Last week I was reviewing my photographs from my 2015 urban exploration trip to Detroit and I discovered some flower pictures that I overlooked.
The scientific name for this resourceful orange and yellow flower is Linaria vulgaris, but it has several common names, which makes sense since it is native to a wide swath of Eurasia. Those names include butter and eggs and toadflax. I found this specimen growing out of a sidewalk crack on Russell Street next to the abandoned American Blower factory.
My friend Jennifer Nannetti, a former Detroiter, tells me that what you see here is a ghost garden. The old home is either in ruins or has been razed, but the bulbs remain. This Michigan-Martin home is now a burnt-out heap of rubble. Yet the daylilies persevere. As does a milkweed plant.
This daylily, a burgundy variety, was likely planted after the structure at Michigan and Trumbull in Corktown was torn down in 2009. If you are a baseball fan that street corner might sound familiar. That's because Tiger Stadium stood there for nearly 100 years. As I noted in a Marathon Pundit post two years ago, after what was originally Navin Field was demolished, volunteers built and maintained a first-rate ball field. But that's gone too, the new headquarters of the Detroit Police Athletic League is under construction on that hallowed ground.
As I noted in my Northwoods wildflowers post from earlier this month, I saw many wild sweet peas on the Keweenaw Peninsula on Michigan's Upper Peninsula.
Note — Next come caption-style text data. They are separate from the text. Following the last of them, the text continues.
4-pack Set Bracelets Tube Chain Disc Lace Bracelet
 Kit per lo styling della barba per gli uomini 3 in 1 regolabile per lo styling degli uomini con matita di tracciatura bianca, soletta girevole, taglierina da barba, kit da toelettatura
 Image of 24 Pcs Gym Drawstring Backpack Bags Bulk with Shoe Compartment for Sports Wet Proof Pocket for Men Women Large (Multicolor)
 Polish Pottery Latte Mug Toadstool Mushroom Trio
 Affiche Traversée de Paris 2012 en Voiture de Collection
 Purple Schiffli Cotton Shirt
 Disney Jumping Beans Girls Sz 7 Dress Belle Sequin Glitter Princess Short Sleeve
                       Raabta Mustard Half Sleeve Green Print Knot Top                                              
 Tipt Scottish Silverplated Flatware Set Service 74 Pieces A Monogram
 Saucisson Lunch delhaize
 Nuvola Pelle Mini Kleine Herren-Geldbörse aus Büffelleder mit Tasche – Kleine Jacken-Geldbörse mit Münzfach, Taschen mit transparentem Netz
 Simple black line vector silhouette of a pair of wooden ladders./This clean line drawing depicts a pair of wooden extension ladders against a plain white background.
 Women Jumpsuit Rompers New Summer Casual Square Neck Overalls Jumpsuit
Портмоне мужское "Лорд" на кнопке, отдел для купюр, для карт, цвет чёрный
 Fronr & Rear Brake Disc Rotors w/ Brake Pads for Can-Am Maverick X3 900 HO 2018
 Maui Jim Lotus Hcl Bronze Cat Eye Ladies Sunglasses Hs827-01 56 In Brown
That trip was made this past July. Another name for this pinkish-purplish flower is the everlasting pea. This flower was found next to the forsaken C.F. Smith warehouse in Mexicantown. C.F. Smith was one of Detroit's largest grocery chains decades ago.
Back to Michigan's Upper Peninsula. I also saw a few bird vetch flowers.Cow vetch is another name for it. It's highly invasive--it even grows in Alaska. I came across this patch in Corktown too, next to the abandoned Michigan Central Station.
Of the flowers so far in this series only the milkweed plant in the second photo isn't native to either Europe, Asia, or both. But near the Packard plant, the largest abandoned factory in the world, I found a couple of American species. Woodland sunflowers have muscled in to this ghost garden. After all, it is a wildflower--acting wild.
As I've noted many times, the smooth sumac, although far more common east of the Continental Divide, is the only tree native to each of the 48 contiguous United States. That's a sumac drupe--I discovered this tree adjacent to railroad tracks behind the Packard factory.
These apples used to be blossoms. This apple tree grows across the street from the Motown Museum. The sign on the fence of this vacant home reads "attack dogs."